Petitioner Joseph Kolek seeks reversal of the order by the National Transportation Safety Board (“NTSB”) affirming revocation of his private pilot certificate. We must decide whether Kolek’s erroneous filing of the notice of appeal in district court rather than this court deprives us of jurisdiction; and if not, whether the NTSB's order affirming revocation should be reversed. We conclude that jurisdiction exists pursuant to 28 U.S.C. § 1631 (1982 & Supp. IV 1986) and affirm the order of the NTSB.

FACTUAL BACKGROUND

Joseph Kolek, an immigrant to the United States from Czechoslovakia, pleaded guilty to engaging in a criminal enterprise in violation of 21 U.S.C. § 848 (1982 & Supp. IV 1986). The indictment described him as the leader of a large scale drug-trafficking organization that used various vessels to secure and distribute cocaine and multiton quantities of marijuana. Upon conviction, Kolek was sentenced to ten years imprisonment.

Following his conviction, the Federal Aviation Administration (“FAA”) served on Kolek an order revoking his pilot’s certificate for violation of Federal Aviation Regulations (“FAR”) § 61.15. See 14 C.F.R. § 61.15(a) (1988) (authorizing suspension or revocation of certificate where holder is convicted of state or federal crime relating to distribution of narcotics). Kolek, pro se, initiated an administrative appeal from the order. Once a notice of appeal is filed by a certificate holder, the FAA has five days to file with the AU its enforcement order which becomes the complaint. 49 C.F.R. § 821.31 (1987). In filing the complaint against Kolek, the FAA was several days late.

Kolek answered the complaint, raising several affirmative defenses, and the AU set the appeal for an evidentiary hearing. Kolek, however, moved for a stay of the proceedings or for an indefinite continuance on the ground that his incarceration would hinder his preparation for, and prevent his attendance at, the scheduled hearing. The FAA rendered a verbal rather than a written response to the motion in a conversation between the AU and FAA counsel to which Kolek was not a party and of which Kolek received no notice. The AU denied the motion, and Kolek advised the AU that he (Kolek) would be unable to attend the hearing. The FAA then filed a motion for judgment on the pleadings affirming revocation, which the AU granted.

On appeal to the NTSB, Kolek sought reversal of the revocation order, arguing that the enforcement action and revocation order resulted in numerous violations of the United States Constitution and of procedural ' regulations governing administrative review of the FAA. Kolek also argued that revocation was an excessive penalty under NTSB precedent.

The NTSB affirmed the revocation order, and Kolek filed in the United States district court a notice of appeal within the sixty-day period required in 49 U.S.C. App. §§ 1486(a) and 1903(d) (1982). Several months later, the district court dismissed Kolek’s appeal for lack of jurisdiction, concluding that jurisdiction for review of NTSB orders lay exclusively in the United States circuit courts of appeals. Kolek then filed in the district court a notice of appeal from the district court’s order of dismissal, and in this court, a notice of appeal from the order by the NTSB affirming revocation.

JURISDICTION

Whether we have jurisdiction to hear this appeal presents a question of law reviewable de novo. In re McCauley, 814 F.2d 1350, 1351 (9th Cir.1987). The interpreta[1284]*1284tion of any statute affecting our jurisdiction is also reviewable de novo. Id.

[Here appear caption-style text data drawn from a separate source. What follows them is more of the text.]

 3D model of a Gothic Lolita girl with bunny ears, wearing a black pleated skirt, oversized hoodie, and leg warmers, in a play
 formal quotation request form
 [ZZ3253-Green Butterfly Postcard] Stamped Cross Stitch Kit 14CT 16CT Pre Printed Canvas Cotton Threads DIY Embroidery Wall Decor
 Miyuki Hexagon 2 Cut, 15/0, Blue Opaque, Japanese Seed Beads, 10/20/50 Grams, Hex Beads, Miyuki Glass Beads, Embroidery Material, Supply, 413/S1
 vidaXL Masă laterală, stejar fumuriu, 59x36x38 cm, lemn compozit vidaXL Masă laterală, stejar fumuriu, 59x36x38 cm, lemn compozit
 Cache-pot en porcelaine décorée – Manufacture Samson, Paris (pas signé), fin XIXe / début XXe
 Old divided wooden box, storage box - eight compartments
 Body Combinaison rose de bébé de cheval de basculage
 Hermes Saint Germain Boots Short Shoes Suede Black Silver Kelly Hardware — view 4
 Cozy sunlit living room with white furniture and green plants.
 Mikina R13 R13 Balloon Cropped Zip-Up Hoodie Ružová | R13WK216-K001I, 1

Under 49 U.S.C.App. § 1486(a) (1982), jurisdiction to review orders of the NTSB is vested exclusively in the United States courts of appeals and not in the district courts. Nevada Airlines, Inc. v. Bond, 622 F.2d 1017, 1020 (9th Cir.1980). Section 1486(a) requires a party seeking judicial review to file a notice of appeal in the appropriate court of appeals within sixty days from the entry of the NTSB order, see Air Line Pilots Ass’n Int’l v. Civil Aeronautics Bd., 750 F.2d 81, 84 (D.C.Cir.1984), or to establish reasonable grounds for a delayed filing, 49 U.S.C.App. § 1486(a) (1982); Tiger Int’l, Inc. v. Civil Aeronautics Bd., 554 F.2d 926, 931 (9th Cir.), cert. denied, 434 U.S. 975, 98 S.Ct. 532, 54 L.Ed.2d 467 (1977). The FAA urges us to dismiss Kolek’s appeal because he failed to justify his five-month delay in filing a notice of appeal in this court. We need not decide whether Kolek has shown reasonable grounds for his delayed filing, however, because we deem this case transferred from the district court under 28 U.S.C. § 1631 (1982).

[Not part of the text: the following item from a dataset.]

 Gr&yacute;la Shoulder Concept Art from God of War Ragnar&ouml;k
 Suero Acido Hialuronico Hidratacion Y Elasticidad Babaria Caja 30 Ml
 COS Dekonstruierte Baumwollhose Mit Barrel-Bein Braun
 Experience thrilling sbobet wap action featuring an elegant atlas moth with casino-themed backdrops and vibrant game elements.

Section 1631 authorizes federal courts to transfer appeals in civil actions in order to cure a lack of subject matter or appellate jurisdiction. “It serves to ‘aid litigants who were confused about the proper forum for review.’ ” McCauley, 814 F.2d at 1352 (quoting American Beef Packers, Inc. v. ICC, 711 F.2d 388, 390 (D.C.Cir.1983)). The face of section 1631 sets out three conditions for its application.1 First, the transferee court must have been able to exercise jurisdiction on the date the notice of appeal was misfiled. Gioda v. Saipan Stevedoring Co., 855 F.2d 625, 629 (9th Cir.1988). “Second, the transferer court must lack jurisdiction.” Id. Third, the transfer must serve the interests of justice. Id.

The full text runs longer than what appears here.